# What to work on
Omit images. Retype all entries verbatim.

# Task material
• • •

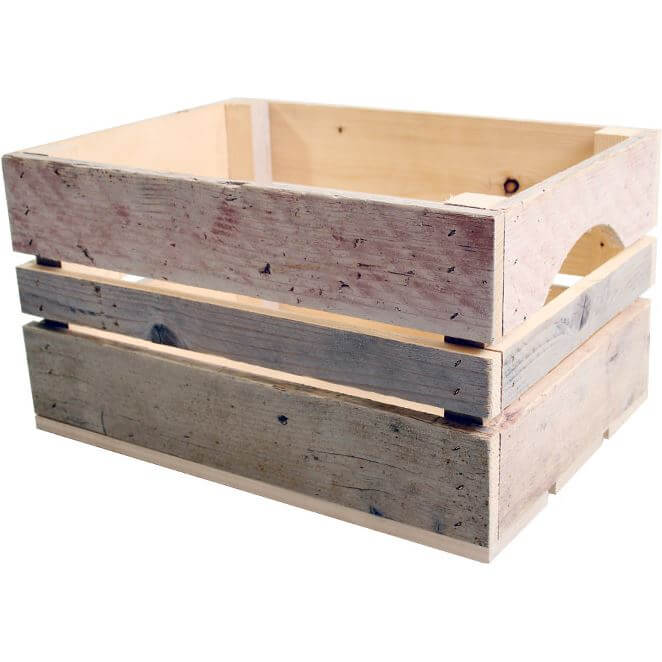 Fietskrat B7 steigerhout 40x30x24cm - AE-trading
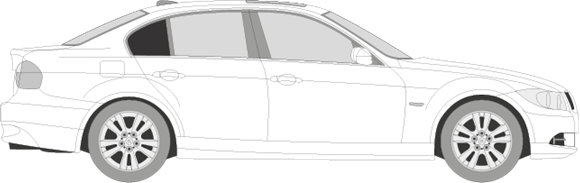 Afbeelding van Zijruit rechts BMW 3-serie sedan (DONKERE RUIT)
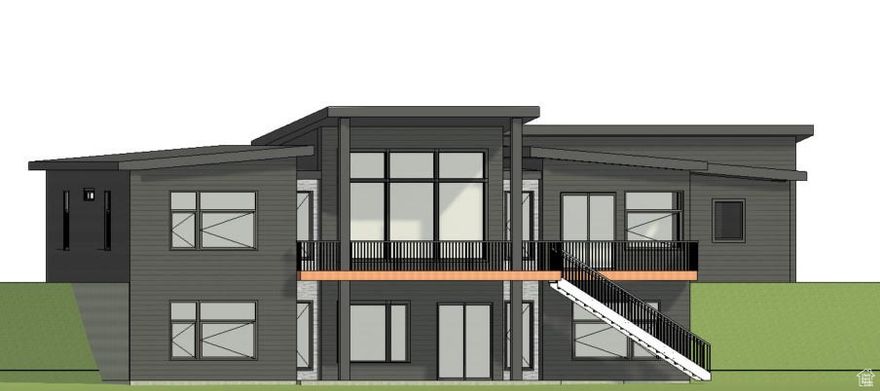 To be built. Mountain modern home in Garden City, UT. Incredible views of Bear Lake. Large oversized garage, large deck and 5 large bedrooms. This plan can be adjusted for added square feet and extra bedrooms if desired.  Construction planned to start spring of 2025 and complete spring of 2026.  High end finishes throughout including Andersen windows, 8ft interior solid core doors, custom cabinetry and more.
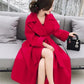 Autumn and Winter Woolen Coat Korean Style Slim Woolen Coat Women's Thick Plus Size Mid-length Over-the-knee Coat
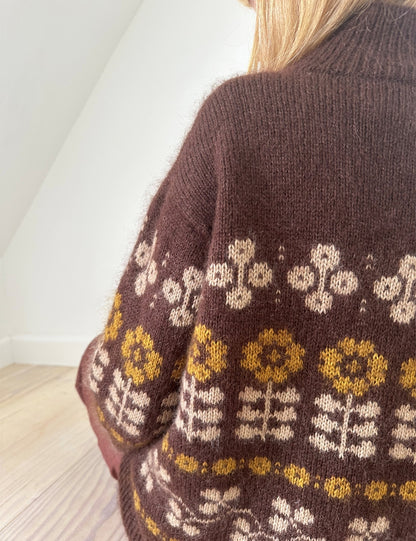 Mona Sweater | Flowerpower aus Tynn Peer Gynt und Tynn Silk Mohair von Sandnes Garn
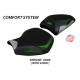 HOUSSE DE SELLE COMPATIBLE KAWASAKI NINJA H2 1000 SX (18-22) MODÈLE MONIZ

• • •

# Your solution
 Fietskrat B7 steigerhout 40x30x24cm - AE-trading
 Afbeelding van Zijruit rechts BMW 3-serie sedan (DONKERE RUIT)
 To be built. Mountain modern home in Garden City, UT. Incredible views of Bear Lake. Large oversized garage, large deck and 5 large bedrooms. This plan can be adjusted for added square feet and extra bedrooms if desired.  Construction planned to start spring of 2025 and complete spring of 2026.  High end finishes throughout including Andersen windows, 8ft interior solid core doors, custom cabinetry and more.
 Autumn and Winter Woolen Coat Korean Style Slim Woolen Coat Women's Thick Plus Size Mid-length Over-the-knee Coat
 Mona Sweater | Flowerpower aus Tynn Peer Gynt und Tynn Silk Mohair von Sandnes Garn
 HOUSSE DE SELLE COMPATIBLE KAWASAKI NINJA H2 1000 SX (18-22) MODÈLE MONIZ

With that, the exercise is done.